*** Opening of DATA TO EXAMINE ***

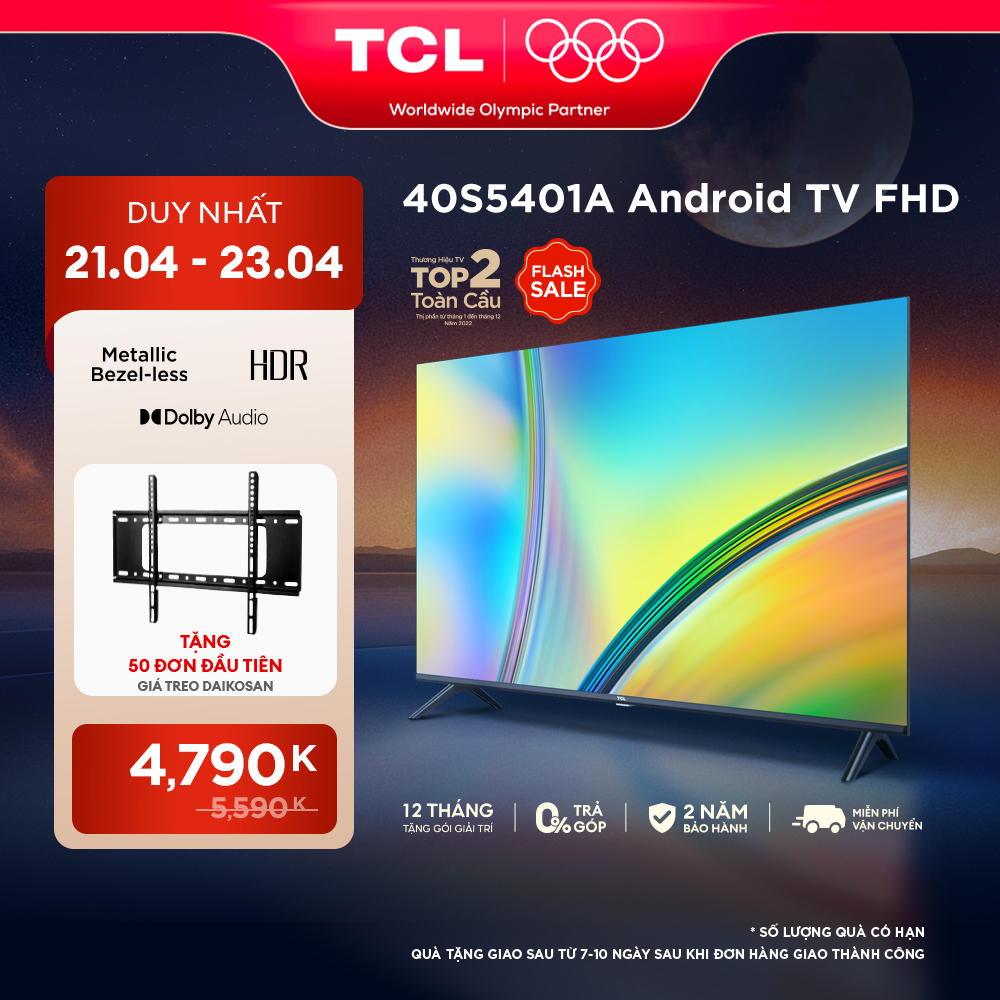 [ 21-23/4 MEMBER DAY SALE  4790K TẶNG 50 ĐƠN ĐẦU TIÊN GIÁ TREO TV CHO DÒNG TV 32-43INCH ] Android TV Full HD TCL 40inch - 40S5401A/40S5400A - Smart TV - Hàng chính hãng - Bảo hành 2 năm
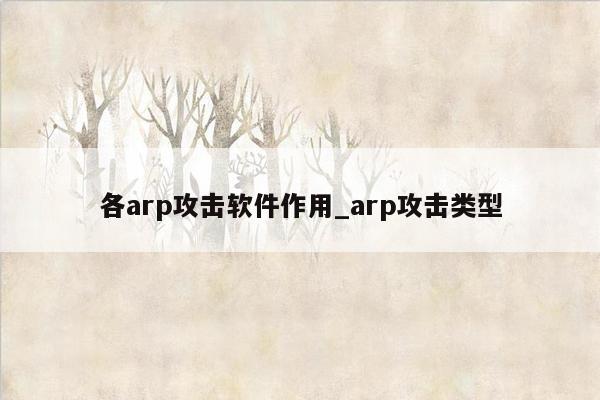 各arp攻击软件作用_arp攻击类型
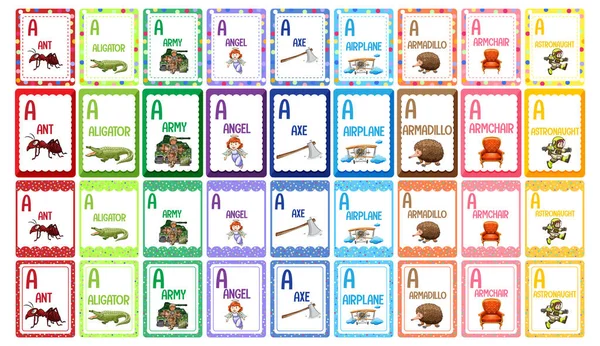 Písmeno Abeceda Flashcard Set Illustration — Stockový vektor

*** Close of DATA TO EXAMINE ***
*** Opening of DATA TO EXAMINE ***

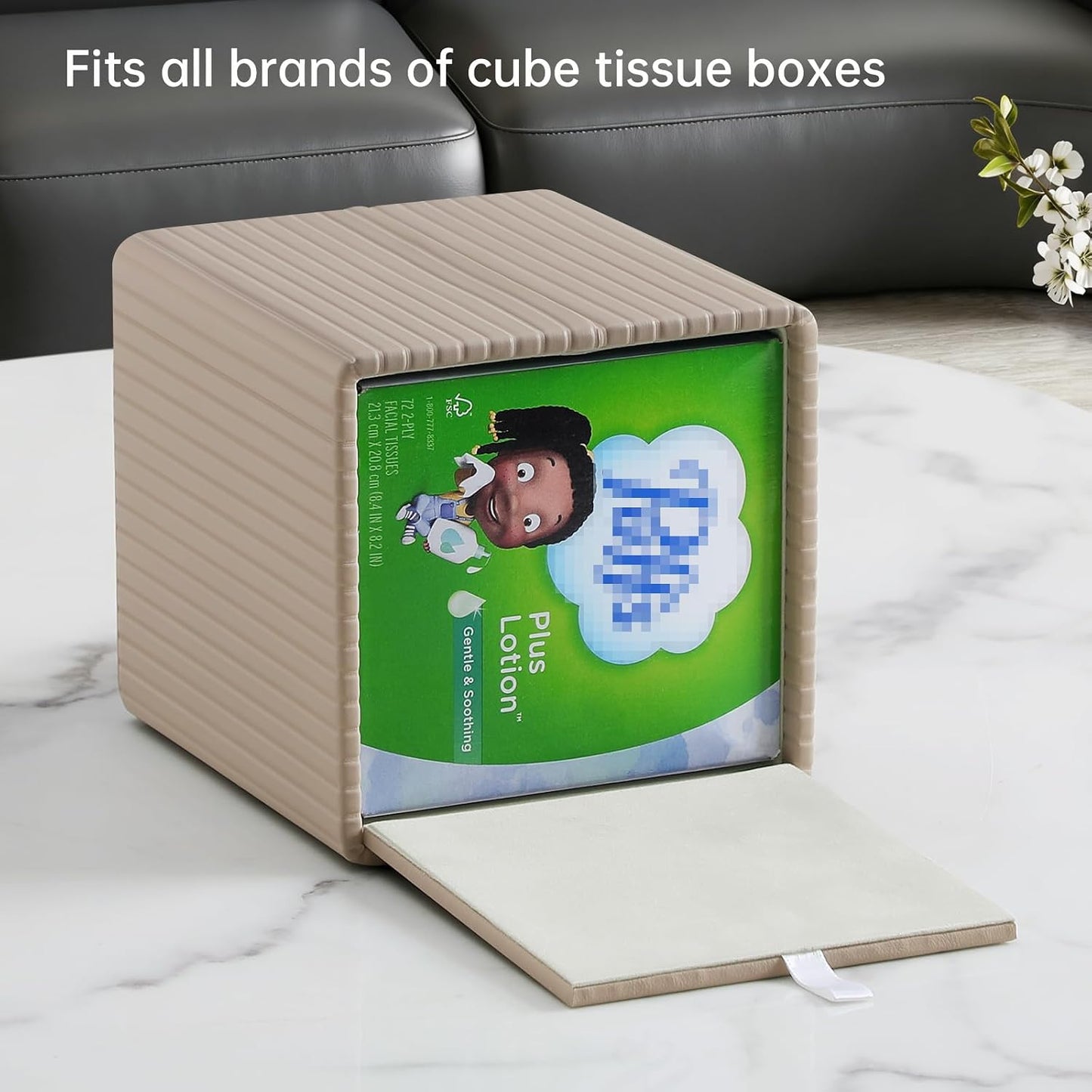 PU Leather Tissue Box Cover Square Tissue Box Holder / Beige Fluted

*** Close of DATA TO EXAMINE ***
*** Opening of DATA TO EXAMINE ***

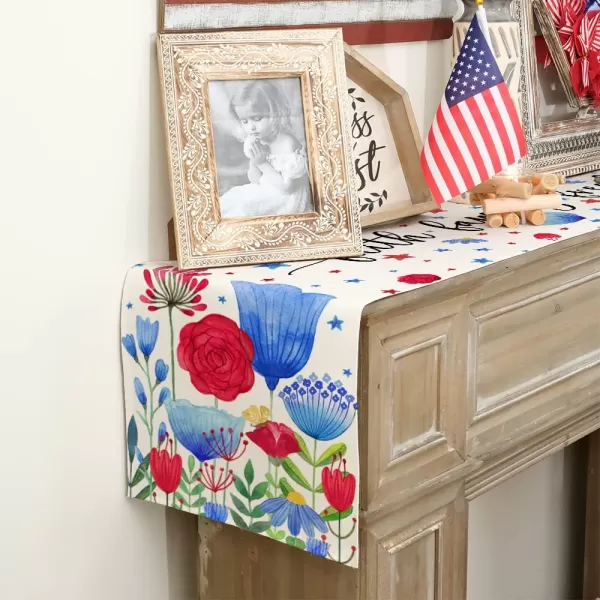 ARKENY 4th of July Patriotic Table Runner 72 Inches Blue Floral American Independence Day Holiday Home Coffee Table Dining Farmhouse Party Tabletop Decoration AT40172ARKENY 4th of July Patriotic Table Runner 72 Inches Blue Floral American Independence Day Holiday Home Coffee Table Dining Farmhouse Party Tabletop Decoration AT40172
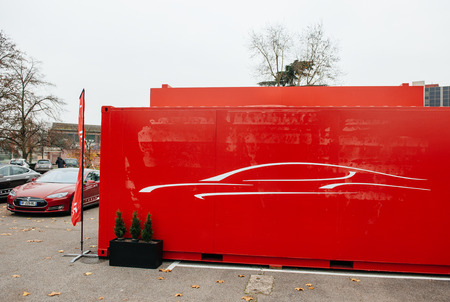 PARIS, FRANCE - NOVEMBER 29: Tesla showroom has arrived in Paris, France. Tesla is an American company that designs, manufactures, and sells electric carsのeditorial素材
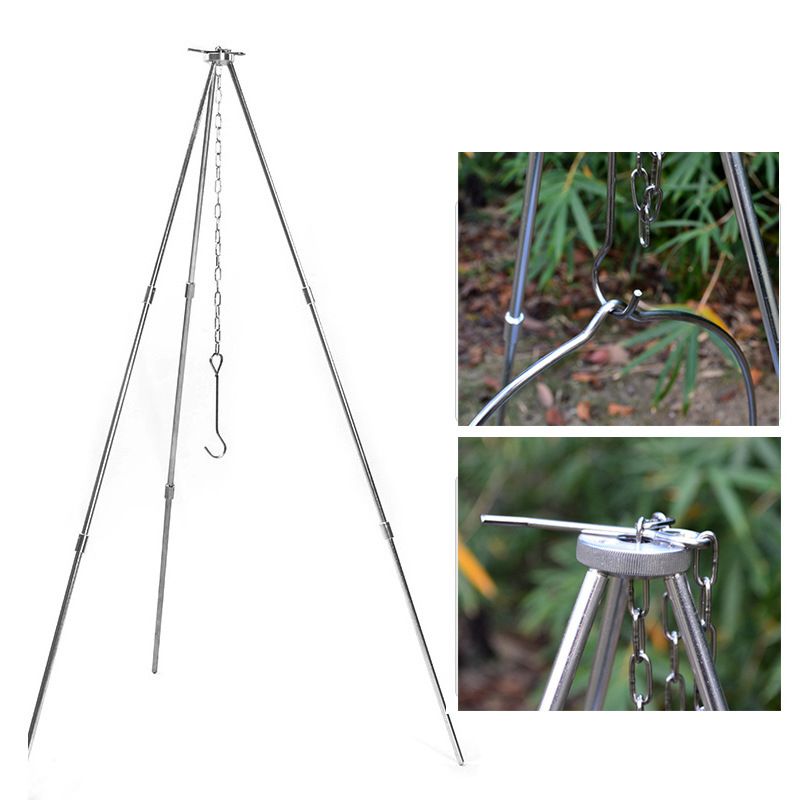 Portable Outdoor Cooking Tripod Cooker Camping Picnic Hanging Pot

*** Close of DATA TO EXAMINE ***

## EXERCISE PROMPT
Where a picture appears in the records above, omit it, and transcribe exactly the stretch of lines from the one with "[ 21-23/4 MEMBER" through the one with "Písmeno Abeceda Flashcard".

## WRITTEN SOLUTION
 [ 21-23/4 MEMBER DAY SALE  4790K TẶNG 50 ĐƠN ĐẦU TIÊN GIÁ TREO TV CHO DÒNG TV 32-43INCH ] Android TV Full HD TCL 40inch - 40S5401A/40S5400A - Smart TV - Hàng chính hãng - Bảo hành 2 năm
 各arp攻击软件作用_arp攻击类型
 Písmeno Abeceda Flashcard Set Illustration — Stockový vektor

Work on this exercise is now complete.